◆ **Problem**
Return every line from the records below that has the word "also".
Segment Start: Supplied information
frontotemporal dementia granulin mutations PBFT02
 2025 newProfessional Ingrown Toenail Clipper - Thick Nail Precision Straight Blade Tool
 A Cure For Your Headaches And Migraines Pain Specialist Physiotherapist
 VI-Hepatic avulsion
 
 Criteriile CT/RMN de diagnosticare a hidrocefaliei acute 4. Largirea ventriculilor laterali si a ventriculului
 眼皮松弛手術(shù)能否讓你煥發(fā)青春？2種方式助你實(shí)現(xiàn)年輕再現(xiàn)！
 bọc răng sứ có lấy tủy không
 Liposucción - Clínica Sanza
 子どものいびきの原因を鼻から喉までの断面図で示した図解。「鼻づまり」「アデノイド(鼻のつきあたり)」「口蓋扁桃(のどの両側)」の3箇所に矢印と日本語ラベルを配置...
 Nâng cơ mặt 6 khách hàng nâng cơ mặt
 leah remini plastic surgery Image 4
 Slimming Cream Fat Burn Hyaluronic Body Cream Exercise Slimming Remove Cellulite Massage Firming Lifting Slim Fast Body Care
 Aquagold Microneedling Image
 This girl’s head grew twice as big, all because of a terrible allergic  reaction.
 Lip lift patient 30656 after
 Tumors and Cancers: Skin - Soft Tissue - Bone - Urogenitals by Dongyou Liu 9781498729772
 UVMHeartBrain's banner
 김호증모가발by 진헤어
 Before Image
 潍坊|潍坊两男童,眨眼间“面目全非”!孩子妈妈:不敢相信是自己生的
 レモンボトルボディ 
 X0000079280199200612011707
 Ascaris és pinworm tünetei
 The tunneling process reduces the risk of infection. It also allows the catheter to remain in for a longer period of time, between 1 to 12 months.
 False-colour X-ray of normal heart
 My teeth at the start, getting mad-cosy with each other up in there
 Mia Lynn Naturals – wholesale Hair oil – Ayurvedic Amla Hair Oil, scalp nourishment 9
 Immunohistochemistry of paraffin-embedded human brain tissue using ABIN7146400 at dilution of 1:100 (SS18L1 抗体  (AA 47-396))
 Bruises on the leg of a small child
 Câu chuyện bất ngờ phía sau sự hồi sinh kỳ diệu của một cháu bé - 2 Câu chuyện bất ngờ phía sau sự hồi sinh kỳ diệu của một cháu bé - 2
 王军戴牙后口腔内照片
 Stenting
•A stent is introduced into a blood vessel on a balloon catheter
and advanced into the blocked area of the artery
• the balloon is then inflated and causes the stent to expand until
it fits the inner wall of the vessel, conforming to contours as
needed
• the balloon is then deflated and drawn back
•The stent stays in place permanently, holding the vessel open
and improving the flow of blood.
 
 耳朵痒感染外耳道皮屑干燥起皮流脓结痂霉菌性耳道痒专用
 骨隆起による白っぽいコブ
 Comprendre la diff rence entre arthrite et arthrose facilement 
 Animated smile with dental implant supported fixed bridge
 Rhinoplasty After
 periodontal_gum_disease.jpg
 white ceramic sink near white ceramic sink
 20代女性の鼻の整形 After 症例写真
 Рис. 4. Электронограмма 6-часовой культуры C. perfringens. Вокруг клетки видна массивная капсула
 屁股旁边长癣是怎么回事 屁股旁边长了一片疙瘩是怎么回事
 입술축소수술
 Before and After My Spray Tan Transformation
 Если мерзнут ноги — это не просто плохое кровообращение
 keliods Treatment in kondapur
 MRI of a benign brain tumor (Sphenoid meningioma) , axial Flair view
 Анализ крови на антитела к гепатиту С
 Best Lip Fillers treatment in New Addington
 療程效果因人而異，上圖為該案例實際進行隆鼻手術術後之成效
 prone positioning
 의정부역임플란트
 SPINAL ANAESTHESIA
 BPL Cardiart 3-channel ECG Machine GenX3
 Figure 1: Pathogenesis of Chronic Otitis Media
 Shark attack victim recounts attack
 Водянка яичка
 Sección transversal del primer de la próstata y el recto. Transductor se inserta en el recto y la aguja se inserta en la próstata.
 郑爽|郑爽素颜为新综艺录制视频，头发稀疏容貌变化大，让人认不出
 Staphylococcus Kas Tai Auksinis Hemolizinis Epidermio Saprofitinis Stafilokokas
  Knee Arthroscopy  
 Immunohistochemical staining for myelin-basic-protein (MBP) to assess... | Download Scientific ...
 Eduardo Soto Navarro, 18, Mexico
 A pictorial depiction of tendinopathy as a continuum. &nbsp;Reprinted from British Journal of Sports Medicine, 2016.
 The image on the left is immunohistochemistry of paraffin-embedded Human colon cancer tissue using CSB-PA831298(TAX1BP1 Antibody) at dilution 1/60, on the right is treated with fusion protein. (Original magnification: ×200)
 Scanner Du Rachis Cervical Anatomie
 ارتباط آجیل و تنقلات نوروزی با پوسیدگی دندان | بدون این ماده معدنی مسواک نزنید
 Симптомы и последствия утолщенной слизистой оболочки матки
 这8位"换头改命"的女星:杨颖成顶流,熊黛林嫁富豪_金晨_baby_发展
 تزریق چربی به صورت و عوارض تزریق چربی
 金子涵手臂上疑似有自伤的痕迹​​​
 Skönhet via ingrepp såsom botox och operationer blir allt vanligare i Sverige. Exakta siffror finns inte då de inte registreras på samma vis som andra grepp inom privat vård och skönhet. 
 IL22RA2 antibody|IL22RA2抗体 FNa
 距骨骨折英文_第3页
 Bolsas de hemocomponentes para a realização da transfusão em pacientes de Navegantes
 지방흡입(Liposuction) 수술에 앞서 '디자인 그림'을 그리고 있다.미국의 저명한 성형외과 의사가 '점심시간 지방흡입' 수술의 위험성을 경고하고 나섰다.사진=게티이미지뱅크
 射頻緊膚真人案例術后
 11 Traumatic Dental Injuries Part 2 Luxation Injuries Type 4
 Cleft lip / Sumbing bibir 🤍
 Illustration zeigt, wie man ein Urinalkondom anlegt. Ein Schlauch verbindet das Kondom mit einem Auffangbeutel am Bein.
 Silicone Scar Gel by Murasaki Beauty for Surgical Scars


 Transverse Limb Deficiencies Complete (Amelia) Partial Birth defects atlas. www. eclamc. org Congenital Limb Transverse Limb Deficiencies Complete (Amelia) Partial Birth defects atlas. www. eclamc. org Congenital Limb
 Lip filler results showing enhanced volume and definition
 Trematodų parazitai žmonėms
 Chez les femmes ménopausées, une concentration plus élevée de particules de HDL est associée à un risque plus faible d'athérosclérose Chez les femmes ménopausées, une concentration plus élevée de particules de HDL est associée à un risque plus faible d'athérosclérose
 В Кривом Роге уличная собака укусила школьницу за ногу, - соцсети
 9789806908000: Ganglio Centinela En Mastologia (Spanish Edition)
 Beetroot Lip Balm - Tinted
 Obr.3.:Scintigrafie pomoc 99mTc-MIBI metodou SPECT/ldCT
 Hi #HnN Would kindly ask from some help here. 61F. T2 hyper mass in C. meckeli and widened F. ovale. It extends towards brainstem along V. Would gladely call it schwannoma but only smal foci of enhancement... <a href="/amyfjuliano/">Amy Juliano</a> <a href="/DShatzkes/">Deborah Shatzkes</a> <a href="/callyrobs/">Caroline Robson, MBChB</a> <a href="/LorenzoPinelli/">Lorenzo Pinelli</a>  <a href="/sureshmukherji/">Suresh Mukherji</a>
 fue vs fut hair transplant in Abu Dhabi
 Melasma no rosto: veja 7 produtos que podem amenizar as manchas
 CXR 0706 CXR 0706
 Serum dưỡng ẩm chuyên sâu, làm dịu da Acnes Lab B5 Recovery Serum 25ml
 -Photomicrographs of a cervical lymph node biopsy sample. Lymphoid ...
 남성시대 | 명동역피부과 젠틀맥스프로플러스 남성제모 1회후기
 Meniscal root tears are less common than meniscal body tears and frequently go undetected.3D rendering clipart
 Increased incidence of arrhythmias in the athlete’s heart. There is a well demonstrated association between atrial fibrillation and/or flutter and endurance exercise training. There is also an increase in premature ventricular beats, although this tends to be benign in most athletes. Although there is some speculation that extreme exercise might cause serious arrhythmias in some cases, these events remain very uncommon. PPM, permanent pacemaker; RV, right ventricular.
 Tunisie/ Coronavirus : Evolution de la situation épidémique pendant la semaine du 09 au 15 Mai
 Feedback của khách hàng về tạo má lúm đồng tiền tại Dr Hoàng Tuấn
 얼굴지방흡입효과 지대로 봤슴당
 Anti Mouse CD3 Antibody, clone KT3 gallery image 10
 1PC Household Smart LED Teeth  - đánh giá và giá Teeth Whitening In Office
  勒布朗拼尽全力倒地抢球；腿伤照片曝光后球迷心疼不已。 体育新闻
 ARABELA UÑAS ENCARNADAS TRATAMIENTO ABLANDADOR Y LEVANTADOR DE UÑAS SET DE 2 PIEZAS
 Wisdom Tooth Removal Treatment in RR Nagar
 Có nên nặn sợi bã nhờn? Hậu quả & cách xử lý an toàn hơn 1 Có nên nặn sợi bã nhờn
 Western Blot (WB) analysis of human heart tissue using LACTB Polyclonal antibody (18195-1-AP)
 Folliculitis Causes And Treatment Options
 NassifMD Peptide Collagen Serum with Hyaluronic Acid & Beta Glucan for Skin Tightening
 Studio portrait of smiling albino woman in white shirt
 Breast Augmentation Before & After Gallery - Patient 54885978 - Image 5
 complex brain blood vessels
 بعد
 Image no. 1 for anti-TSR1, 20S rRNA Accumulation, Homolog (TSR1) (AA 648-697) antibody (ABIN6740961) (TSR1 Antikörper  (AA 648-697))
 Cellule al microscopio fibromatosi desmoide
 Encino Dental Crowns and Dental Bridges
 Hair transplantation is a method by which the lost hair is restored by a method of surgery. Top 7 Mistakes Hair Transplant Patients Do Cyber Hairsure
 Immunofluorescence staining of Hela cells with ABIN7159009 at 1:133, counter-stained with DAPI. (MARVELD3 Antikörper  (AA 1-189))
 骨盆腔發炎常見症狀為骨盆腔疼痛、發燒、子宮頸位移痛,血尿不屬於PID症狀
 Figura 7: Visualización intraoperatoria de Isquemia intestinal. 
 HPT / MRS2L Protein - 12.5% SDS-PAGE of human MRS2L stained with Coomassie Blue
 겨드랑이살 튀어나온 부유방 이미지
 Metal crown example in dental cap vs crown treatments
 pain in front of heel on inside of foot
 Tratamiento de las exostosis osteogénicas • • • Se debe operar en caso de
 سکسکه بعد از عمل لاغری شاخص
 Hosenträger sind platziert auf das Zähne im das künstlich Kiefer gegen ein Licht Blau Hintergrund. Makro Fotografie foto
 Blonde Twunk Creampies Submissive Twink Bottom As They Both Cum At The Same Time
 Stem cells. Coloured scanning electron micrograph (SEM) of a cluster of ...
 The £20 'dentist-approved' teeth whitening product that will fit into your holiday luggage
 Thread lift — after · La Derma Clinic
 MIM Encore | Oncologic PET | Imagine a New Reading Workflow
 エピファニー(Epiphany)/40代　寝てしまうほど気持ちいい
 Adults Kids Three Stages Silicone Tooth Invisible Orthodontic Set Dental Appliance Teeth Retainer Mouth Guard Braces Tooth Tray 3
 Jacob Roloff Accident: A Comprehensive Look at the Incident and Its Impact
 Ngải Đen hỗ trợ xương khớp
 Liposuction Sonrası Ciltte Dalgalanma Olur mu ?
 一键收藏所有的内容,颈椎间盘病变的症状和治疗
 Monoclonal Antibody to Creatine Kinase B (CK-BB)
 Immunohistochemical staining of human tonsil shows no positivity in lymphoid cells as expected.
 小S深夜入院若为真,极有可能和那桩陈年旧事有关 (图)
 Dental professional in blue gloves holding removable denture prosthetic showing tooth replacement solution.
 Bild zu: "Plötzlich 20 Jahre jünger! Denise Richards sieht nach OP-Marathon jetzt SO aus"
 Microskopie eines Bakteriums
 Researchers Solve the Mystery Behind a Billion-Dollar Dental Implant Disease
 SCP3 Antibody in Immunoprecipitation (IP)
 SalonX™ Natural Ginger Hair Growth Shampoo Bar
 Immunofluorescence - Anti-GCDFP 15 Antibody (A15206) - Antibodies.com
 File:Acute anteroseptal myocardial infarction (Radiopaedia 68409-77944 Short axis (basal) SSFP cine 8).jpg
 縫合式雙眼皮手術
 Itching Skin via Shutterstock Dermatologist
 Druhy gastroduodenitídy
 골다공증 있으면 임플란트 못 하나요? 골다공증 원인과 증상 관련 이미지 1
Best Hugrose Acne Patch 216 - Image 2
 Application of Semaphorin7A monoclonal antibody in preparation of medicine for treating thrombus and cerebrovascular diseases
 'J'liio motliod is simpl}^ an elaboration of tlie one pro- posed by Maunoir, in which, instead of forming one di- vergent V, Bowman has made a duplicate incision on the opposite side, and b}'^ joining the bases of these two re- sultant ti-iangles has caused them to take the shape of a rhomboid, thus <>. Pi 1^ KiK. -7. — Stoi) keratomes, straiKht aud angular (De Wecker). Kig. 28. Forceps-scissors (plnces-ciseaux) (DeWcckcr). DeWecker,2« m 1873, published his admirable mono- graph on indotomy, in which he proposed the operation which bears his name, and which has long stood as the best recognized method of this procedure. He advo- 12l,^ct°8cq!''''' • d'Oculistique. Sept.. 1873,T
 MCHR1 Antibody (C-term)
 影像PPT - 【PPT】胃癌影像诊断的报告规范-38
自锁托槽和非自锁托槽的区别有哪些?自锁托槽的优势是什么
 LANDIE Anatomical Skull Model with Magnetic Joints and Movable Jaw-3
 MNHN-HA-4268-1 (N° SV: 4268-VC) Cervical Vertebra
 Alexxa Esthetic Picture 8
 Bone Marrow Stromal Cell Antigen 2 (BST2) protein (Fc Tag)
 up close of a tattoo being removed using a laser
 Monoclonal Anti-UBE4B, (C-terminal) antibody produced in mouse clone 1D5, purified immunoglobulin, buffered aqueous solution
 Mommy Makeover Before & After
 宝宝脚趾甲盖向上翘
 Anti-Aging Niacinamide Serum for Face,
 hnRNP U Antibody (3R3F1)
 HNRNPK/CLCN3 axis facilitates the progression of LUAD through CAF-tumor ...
Segment End: Supplied information
◆ **Your solution**
 The tunneling process reduces the risk of infection. It also allows the catheter to remain in for a longer period of time, between 1 to 12 months.
 Increased incidence of arrhythmias in the athlete’s heart. There is a well demonstrated association between atrial fibrillation and/or flutter and endurance exercise training. There is also an increase in premature ventricular beats, although this tends to be benign in most athletes. Although there is some speculation that extreme exercise might cause serious arrhythmias in some cases, these events remain very uncommon. PPM, permanent pacemaker; RV, right ventricular.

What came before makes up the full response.